Data to process START

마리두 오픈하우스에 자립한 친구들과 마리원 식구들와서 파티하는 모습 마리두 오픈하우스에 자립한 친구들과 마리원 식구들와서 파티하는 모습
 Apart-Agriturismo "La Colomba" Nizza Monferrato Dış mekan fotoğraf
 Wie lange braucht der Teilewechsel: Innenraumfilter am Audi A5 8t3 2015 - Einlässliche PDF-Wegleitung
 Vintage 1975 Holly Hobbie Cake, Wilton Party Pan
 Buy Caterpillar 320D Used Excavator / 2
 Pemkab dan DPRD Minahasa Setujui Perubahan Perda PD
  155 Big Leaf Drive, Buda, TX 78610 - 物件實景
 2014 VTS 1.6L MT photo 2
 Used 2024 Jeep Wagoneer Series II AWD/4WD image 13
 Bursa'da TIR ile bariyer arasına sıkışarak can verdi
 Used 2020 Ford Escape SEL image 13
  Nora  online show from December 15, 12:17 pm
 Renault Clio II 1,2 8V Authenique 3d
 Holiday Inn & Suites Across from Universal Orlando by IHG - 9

Data to process END

§ **What you have to do**: Repeat exactly, and only, the lines from the line with "Wie lange braucht" through the end of the listing above, both ends included.

§ **Answer below**:
 Wie lange braucht der Teilewechsel: Innenraumfilter am Audi A5 8t3 2015 - Einlässliche PDF-Wegleitung
 Vintage 1975 Holly Hobbie Cake, Wilton Party Pan
 Buy Caterpillar 320D Used Excavator / 2
 Pemkab dan DPRD Minahasa Setujui Perubahan Perda PD
  155 Big Leaf Drive, Buda, TX 78610 - 物件實景
 2014 VTS 1.6L MT photo 2
 Used 2024 Jeep Wagoneer Series II AWD/4WD image 13
 Bursa'da TIR ile bariyer arasına sıkışarak can verdi
 Used 2020 Ford Escape SEL image 13
  Nora  online show from December 15, 12:17 pm
 Renault Clio II 1,2 8V Authenique 3d
 Holiday Inn & Suites Across from Universal Orlando by IHG - 9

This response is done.